La promozione spudorata dei brand tech non finisce qui. La figlia di Radford, Faith, una biochimica che ha studiato a Georgetown, ha la brillante idea di spostare un grosso detrito che le blocca la gamba, procurandosi un’emorragia quasi mortale. Per fortuna, Mark Goodman, suo fidanzato e fattorino di Amazon, è in grado di creare un laccio emostatico con il nastro da imballaggio (perché, come sottolinea lui stesso, è un “professionista“). Anche i personaggi minori non vengono risparmiati da questa dinamica. Quando l’eroico drone di Amazon si ribalta, un senzatetto contribuisce a ripararlo solo dopo essere stato ricompensato con una carta regalo dell’azienda da mille dollari.
Una piccola dimenticanza
Queste scene sarebbero abbastanza scandalose da risultare comiche, se non fosse che parliamo di un film che critica la sorveglianza governativa senza fare alcun accenno al ruolo dell’industria tecnologica. Dai livestream à la Anonymous con la Costituzione degli Stati Uniti a Radford che pedina digitalmente i suoi figli, passando per un progetto segreto che rivela la presenza degli alieni sulla Terra, il vero nemico è chiaro: il governo degli Stati Uniti e la sua tecnologia.
Negli unici frangenti in cui emerge un legame tra minacce alla privacy è aziende private, la colpa è dell’ingerenza del governo. A un certo punto, per esempio, Radford usa il software di sorveglianza, Guardian, per controllare a distanza una Tesla e portare la figlia ferita al sicuro. All’inizio del film, David, il figlio di Radford, offende il padre rimproverandogli che il suo lavoro consiste nello spiare i carrelli di Amazon. Ma soprattutto, il programma governativo segreto Goliath – il motivo ultimo dietro l’invasione dei cyborg alieni – che sottrae le conversazioni private degli americani. Non c’è alcun cenno al fatto che giganti del tech come Jeff Bezos o Elon Musk siano associati a controversi processi di raccolta dati, dalla mancata protezione delle informazioni personali fino al recente colpo di stato digitale negli Stati Uniti. La cosa non sorprende, considerando che parliamo di un film di Amazon. Ma è comunque un’omissione clamorosa.
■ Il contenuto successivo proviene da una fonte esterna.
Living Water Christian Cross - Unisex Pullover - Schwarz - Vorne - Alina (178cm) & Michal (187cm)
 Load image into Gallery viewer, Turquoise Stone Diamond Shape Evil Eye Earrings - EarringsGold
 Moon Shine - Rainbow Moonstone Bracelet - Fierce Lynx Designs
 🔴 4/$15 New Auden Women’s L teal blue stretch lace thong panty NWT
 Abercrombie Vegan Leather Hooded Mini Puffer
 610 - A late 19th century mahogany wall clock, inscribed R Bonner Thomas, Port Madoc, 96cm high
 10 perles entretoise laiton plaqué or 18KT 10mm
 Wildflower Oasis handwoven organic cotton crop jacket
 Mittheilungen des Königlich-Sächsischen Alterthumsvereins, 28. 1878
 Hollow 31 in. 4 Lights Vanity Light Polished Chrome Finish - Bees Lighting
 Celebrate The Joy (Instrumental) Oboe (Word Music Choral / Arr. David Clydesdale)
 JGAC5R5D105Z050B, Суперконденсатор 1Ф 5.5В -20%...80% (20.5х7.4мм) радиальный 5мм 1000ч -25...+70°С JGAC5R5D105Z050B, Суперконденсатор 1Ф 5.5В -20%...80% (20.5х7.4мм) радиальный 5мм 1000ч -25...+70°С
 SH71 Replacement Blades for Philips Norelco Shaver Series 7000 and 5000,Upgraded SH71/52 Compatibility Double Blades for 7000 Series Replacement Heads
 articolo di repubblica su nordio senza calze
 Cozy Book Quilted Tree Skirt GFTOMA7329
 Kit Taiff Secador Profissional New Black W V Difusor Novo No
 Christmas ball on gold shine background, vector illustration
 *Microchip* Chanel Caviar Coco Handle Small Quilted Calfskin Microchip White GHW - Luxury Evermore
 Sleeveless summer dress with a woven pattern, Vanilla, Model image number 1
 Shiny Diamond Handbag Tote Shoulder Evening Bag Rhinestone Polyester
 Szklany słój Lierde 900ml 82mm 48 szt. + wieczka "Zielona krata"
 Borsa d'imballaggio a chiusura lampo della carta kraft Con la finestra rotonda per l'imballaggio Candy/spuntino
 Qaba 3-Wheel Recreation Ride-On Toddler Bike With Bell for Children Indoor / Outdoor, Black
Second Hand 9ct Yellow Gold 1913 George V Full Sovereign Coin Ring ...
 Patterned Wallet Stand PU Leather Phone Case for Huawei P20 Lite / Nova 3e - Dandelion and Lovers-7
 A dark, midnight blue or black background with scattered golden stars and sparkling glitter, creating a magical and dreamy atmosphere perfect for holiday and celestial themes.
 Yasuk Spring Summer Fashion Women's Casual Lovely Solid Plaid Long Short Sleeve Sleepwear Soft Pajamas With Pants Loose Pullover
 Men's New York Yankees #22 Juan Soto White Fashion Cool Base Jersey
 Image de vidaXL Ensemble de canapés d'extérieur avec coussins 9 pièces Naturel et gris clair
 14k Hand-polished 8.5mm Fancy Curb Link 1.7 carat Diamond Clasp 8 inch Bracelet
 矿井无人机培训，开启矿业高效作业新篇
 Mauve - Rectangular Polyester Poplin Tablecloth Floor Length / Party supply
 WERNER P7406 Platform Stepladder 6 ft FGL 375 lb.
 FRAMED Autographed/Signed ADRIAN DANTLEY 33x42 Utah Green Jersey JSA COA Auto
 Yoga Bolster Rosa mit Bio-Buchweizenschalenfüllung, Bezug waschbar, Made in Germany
Se proprio devo trovare qualcosa di positivo su La guerra dei mondi, Lee si è preso il rischio di rifare un thriller molto amato con un punto di vista incentrato su internet. A volte il coraggio paga, ma non è questo il caso. La scelta di demonizzare la sorveglianza governativa e di ritrarre le big tech vittime passive finisce per annacquare il messaggio del film, che diventa più simile una pubblicità di quasi 90 minuti a brand come Amazon e Microsoft che vero uno spunto di riflessione.
Questo articolo è apparso originariamente su Wired US.